Excerpts from a dataset
===

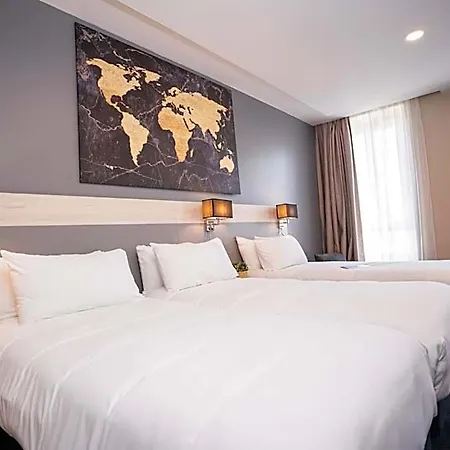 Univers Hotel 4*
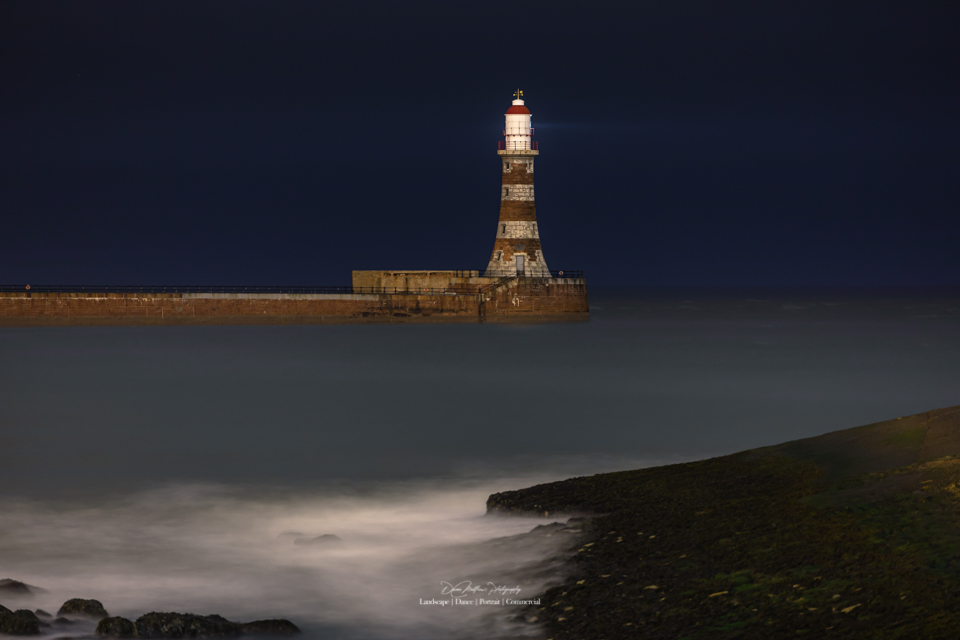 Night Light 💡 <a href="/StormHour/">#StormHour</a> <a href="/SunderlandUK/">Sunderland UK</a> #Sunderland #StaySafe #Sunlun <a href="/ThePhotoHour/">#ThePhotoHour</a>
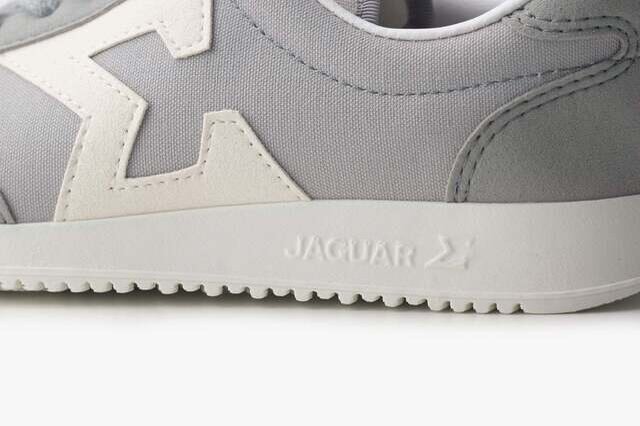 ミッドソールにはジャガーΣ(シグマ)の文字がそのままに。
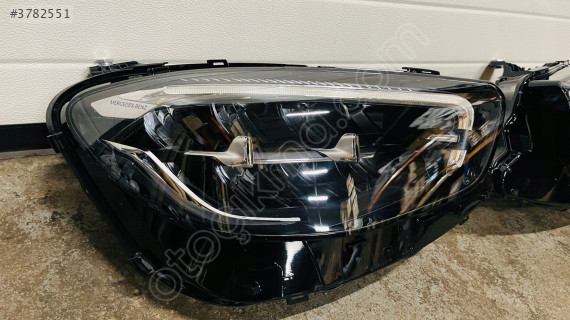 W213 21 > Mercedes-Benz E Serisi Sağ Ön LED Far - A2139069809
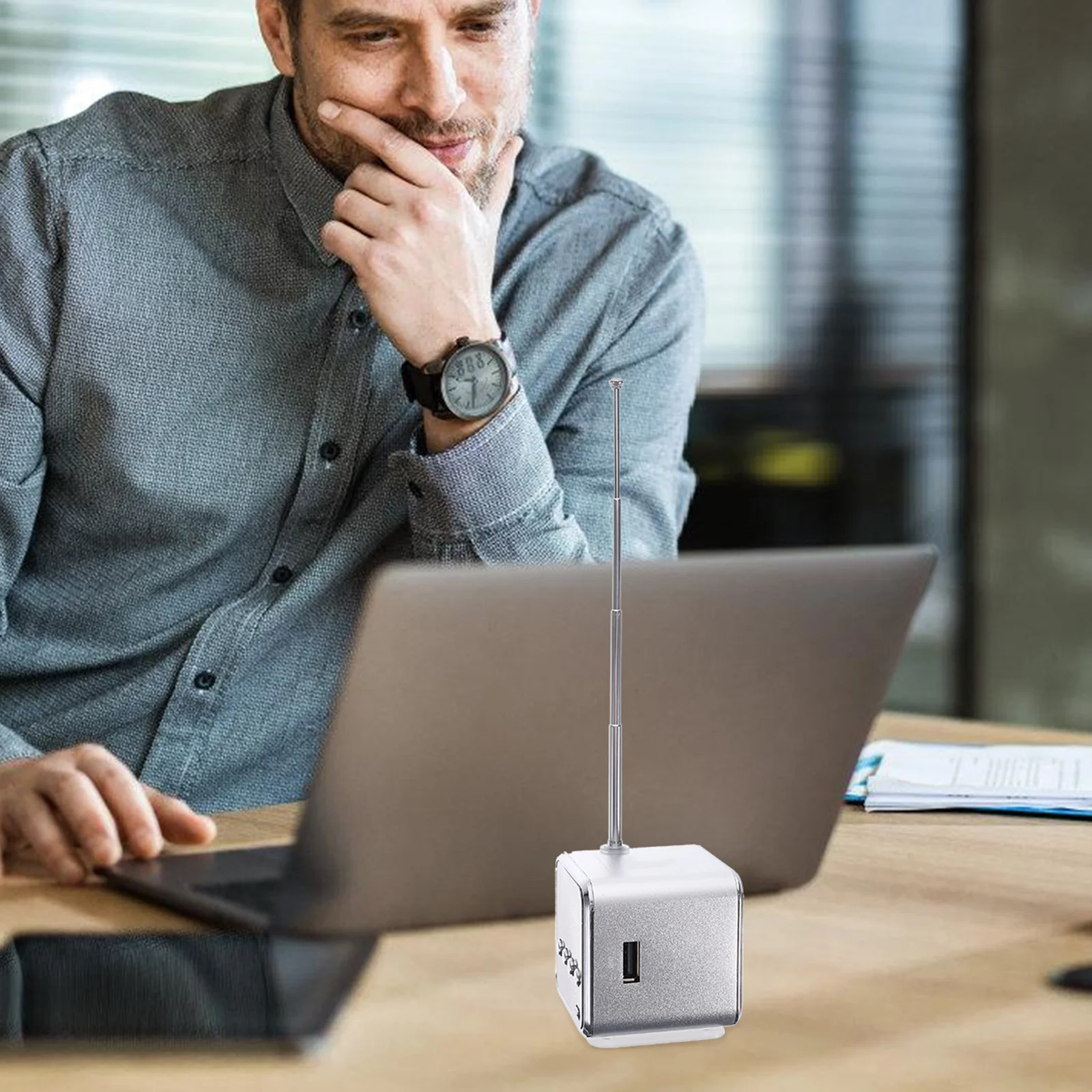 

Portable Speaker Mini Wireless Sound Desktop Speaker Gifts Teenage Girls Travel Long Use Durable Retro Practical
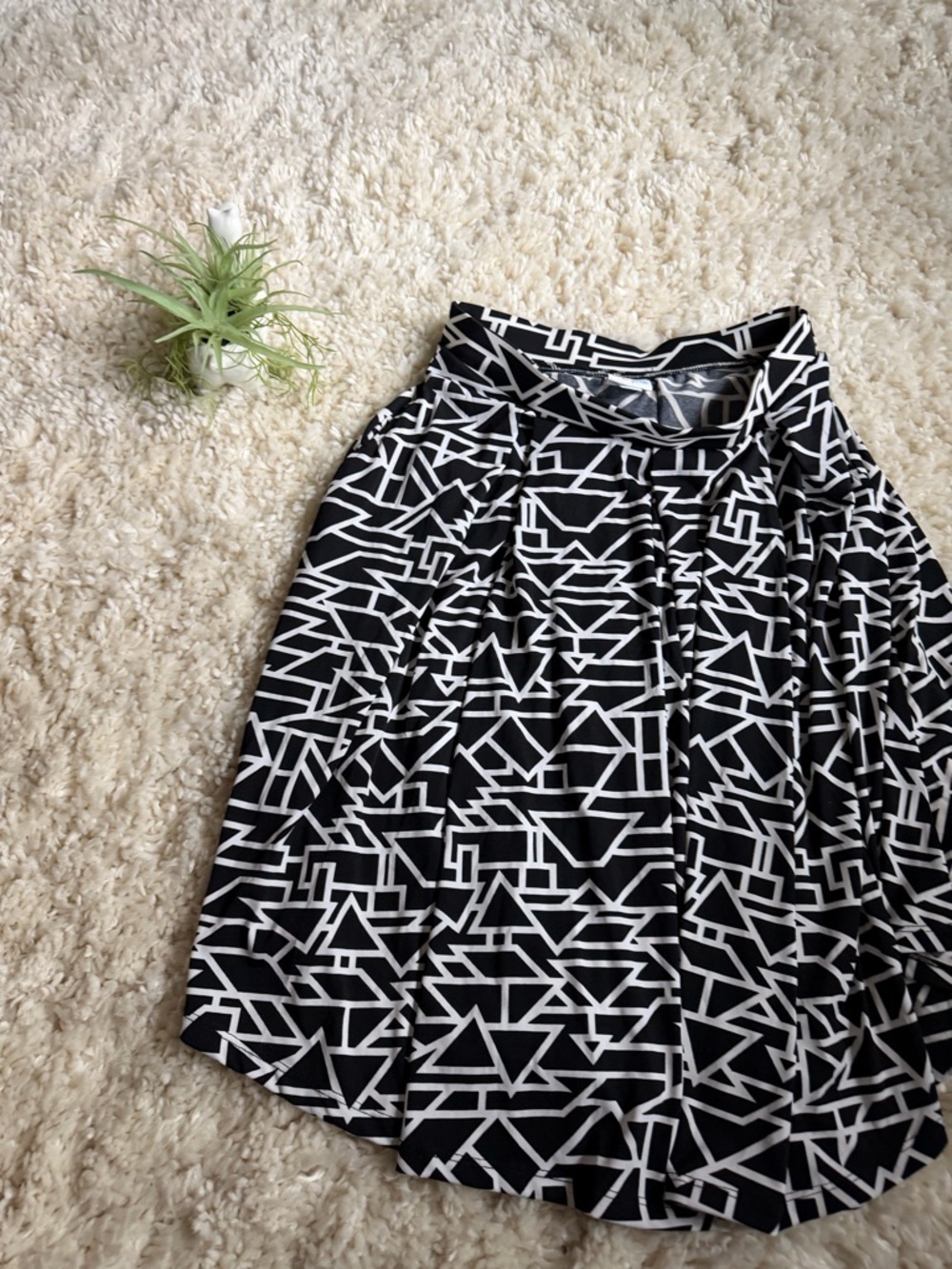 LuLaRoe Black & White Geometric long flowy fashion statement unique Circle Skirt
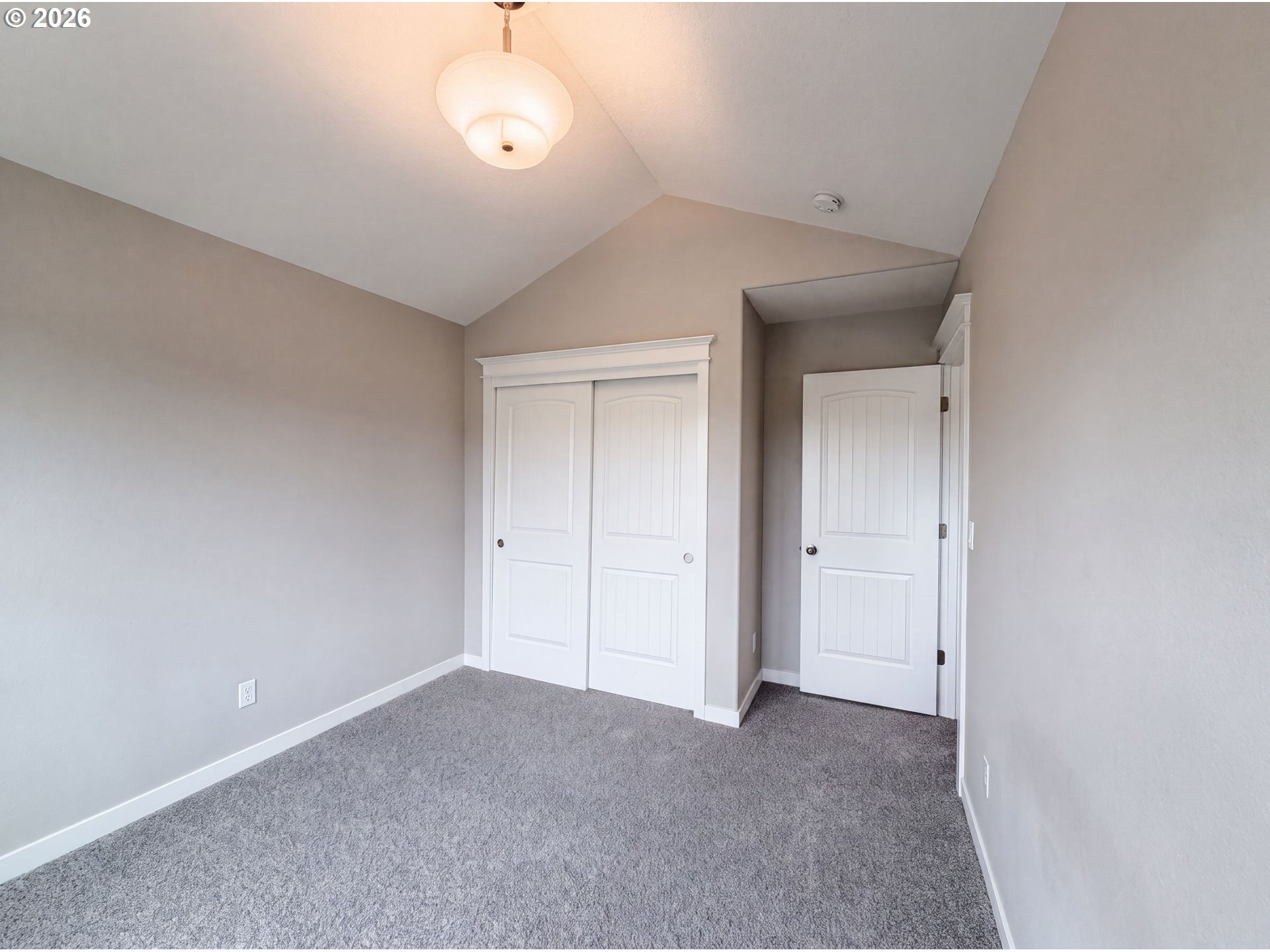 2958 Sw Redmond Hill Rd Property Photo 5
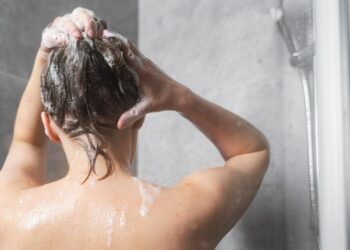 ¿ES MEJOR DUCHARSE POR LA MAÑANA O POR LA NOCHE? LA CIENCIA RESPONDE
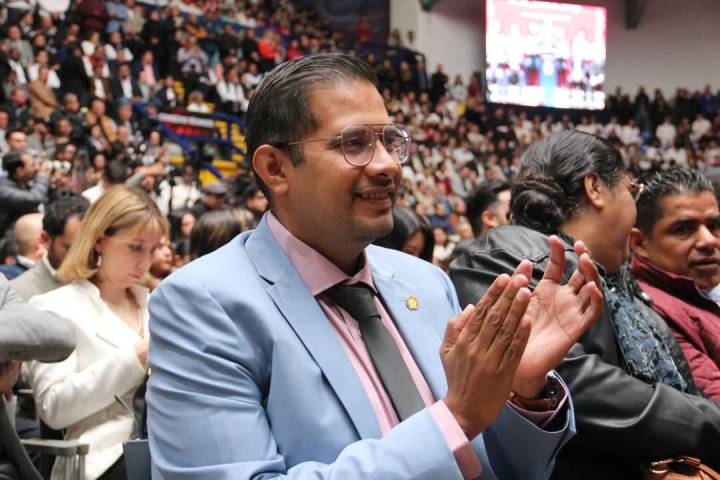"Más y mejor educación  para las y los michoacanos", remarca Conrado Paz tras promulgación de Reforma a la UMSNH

===

Goal of the exercise
Above, find the line with "Portable Speaker Mini"; copy it and every line down to the line with "LA CIENCIA RESPONDE", exactly and both included, but no pictures.

Result of the task
Portable Speaker Mini Wireless Sound Desktop Speaker Gifts Teenage Girls Travel Long Use Durable Retro Practical
 LuLaRoe Black & White Geometric long flowy fashion statement unique Circle Skirt
 2958 Sw Redmond Hill Rd Property Photo 5
 ¿ES MEJOR DUCHARSE POR LA MAÑANA O POR LA NOCHE? LA CIENCIA RESPONDE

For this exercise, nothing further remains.